I’m not a fan of the money multiplier model, but it’s sometimes unfairly maligned. Textbooks don’t treat it as a constant, any more than they treat velocity or the fiscal multiplier as constants.  They may do an example where it is constant, but then they discuss reasons why it changes.

The real problem here is “binding constraint.”  In economics there are almost never binding constraints on anything.  If you at a binding constraint position then odds are you are not optimizing.  A reduction in the supply of apples will generally raise apple prices even if not at the binding constraint where one less apple would cause starvation.  By (permanently) adjusting the supply of “reserves” (again base money is what they actually mean) the central bank can affect the value of the medium of account (base money), and hence all nominal variables in the economy.  That includes the nominal size of the toilet paper industry, the nominal size of the steel industry, and the nominal size of bank balance sheets. Most importantly NGDP. If wages and prices are sticky they can also affect real GDP in the short to medium run.

Not sure why the Bank of England is so interested in the nominal size of the bank balance sheets, and not other industries.  Surely there are other nominal industry outputs that better correlate with the goals of monetary policy (NGDP) than the banking industry!  Why not focus on those industries?

The deeper problem here is the BoE mixes up microeconomics (the relative size of the banking industry) with macroeconomics (the determination of nominal aggregates), in a very confusing way.  You need to model the medium of account to have any sort of coherent explanation of monetary policy.  The interest rate approach combined with a banking sector and a “slack/overheating” model of inflation just won’t cut it.  Certainly the BoE report is not as bad as some of the things you see from MMTers, it nods to the old-style monetarists in its discussion the problems that might arise from of excessive growth of the aggregates.  But it nonetheless fails to come up with a model of the price level or NGDP. It can’t tell us why Britain has 20% inflation one year, and 2% another.  You need to explicitly model the supply and demand for base money to do macroeconomics.

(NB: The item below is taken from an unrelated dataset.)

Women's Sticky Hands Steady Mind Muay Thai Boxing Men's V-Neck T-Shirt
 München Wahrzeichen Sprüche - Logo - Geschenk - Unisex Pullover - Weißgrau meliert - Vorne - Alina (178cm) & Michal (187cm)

PS.  And why doesn’t the BoE subsidize and run a NGDP prediction market?

PPS.  Perhaps my report was too negative. I suppose it’s a fine explanation of monetary policy if you go for the interest rate approach to monetary economics, it’s just that I hate that approach.

It’s the policy regime that needs fixing

In a recent post I argued that there is no answer to the question of whether money was too easy in 2004-06.  Or more precisely the answer depended on what the Fed had in mind for 2007-17.  This is actually not that strange a view—modern macro theory suggests that the conversation should not be about which policy is appropriate for a given period, but rather which monetary regime is optimal. Without a coherent regime, attempts to fine tune the economy will usually end badly.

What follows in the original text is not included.